She'd look better in a 3-piece (with the 3rd piece being a gag!)


----------



## bruinfan (Jan 17, 2006)

markz said:


> She'd look better in a 3-piece (with the 3rd piece being a gag!)


NICE... LOL...

I have to use that one someday.....


----------



## Havana Brown (Feb 3, 2005)

krugs84 said:


> I have to admit Mirna in a bikini wasn't such a bad thing....


But Charla? 

This was the funniest episode. I laughed so much throughout. Between Danny falling doing the fish roadblock, Charla in her rafting outfit, the hitting of the post, and so much more.

Very entertaining.


----------



## PJO1966 (Mar 5, 2002)

jlb said:


> Anyone else say "HFC" when Terri got smacked by the wave on the rafting.........


She gets a big :up: from me. She's one tough lady. She actually seemed like she enjoyed it.

I too had to go back and replay the look on Dave's face. I expected horns to pop out of the back of his head. He looked downright evil.

I have to admit that Rob doesn't come off as badly as he did last time around.

I'm really tired of Mirna and the thick accent she puts on when she talks to locals.

I had heard that one of the teams was going to be sent away from the Pit Stop because they didn't have all their clues. I thought it was going to be the Guidos. We had to pause when they cut to the interview with them when they were wearing their matching black turtlenecks and chains, we were hysterical. I think they might have seen The Producers one too many times.


----------



## jking (Mar 23, 2005)

RoundBoy said:


> Uchena & joyce did get the idea too .. they went to the hotel to book flights .... but for some reason only saw the later flight. I really can't fathom why they would book flights for other teams though...

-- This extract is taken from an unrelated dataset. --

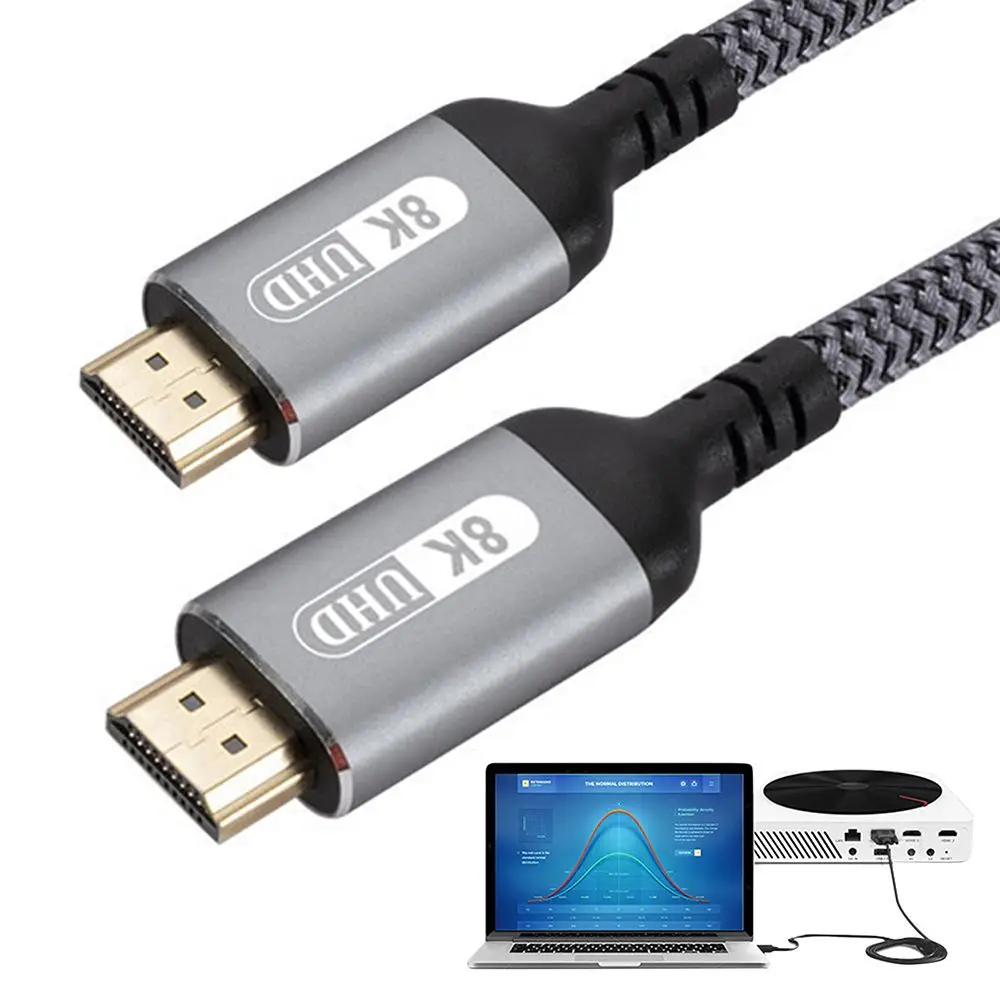 

HDMI 2.1 Cable Premium Resolution 7680*4320/4K/2K 8K/60HZ HDR 48Gbps Ultra HD High-Speed Cord for TV Computer Projector PS5 XBox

They did see the earlier time, they were just only able to book that time for themselves and the Guidos because the other two teams didn't give them their security codes on the back of their credit cards.

As for R&A being the only "all stars" of the group, I agree at this point that they appear to outclass everyone else, but I also think Uchenna and Joyce deserve to be called true "all stars", since they did win their season.

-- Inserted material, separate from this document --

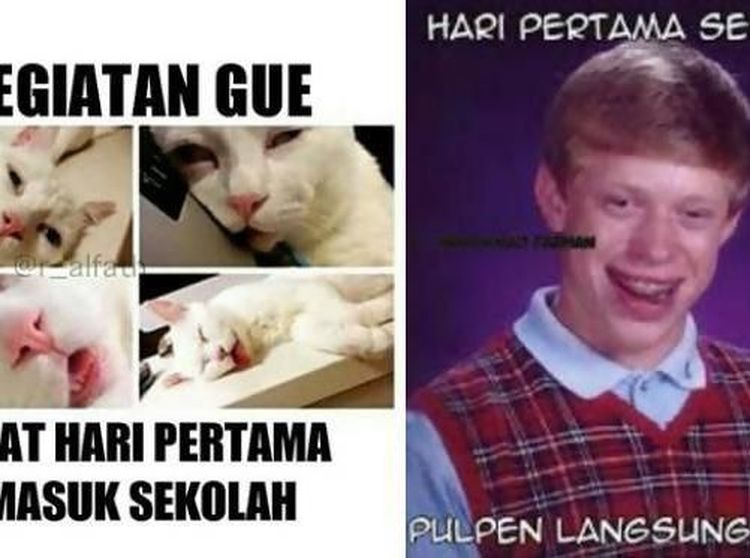 Sambutan Meme Lucu di Hari Pertama Sekolah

And Charla and Mirna? Wow. I actually liked them in their season, but not in the least this season. I'm not a Guido fan, but did I hear it right that Mirna complained when the Guidos jumped in front of them at one point, saying the Guidos wouldn't even be there if it weren't for Charla and Mirna... suggesting they helped the Guidos out of the kindness of their hearts? Mirna... hello? You "helped" them because you didn't know they hadn't written down the whole clue and they overheard you asking someone else about the town name, not out of the kindness of your heart. That's what blows my mind about those two. They both have VERY selective memory.


----------



## IJustLikeTivo (Oct 3, 2001)

danplaysbass said:


> Ya, the "Use your boobs" thing was funny. I was impressed with how quickly the beauty queens did that task. It didn't look that easy.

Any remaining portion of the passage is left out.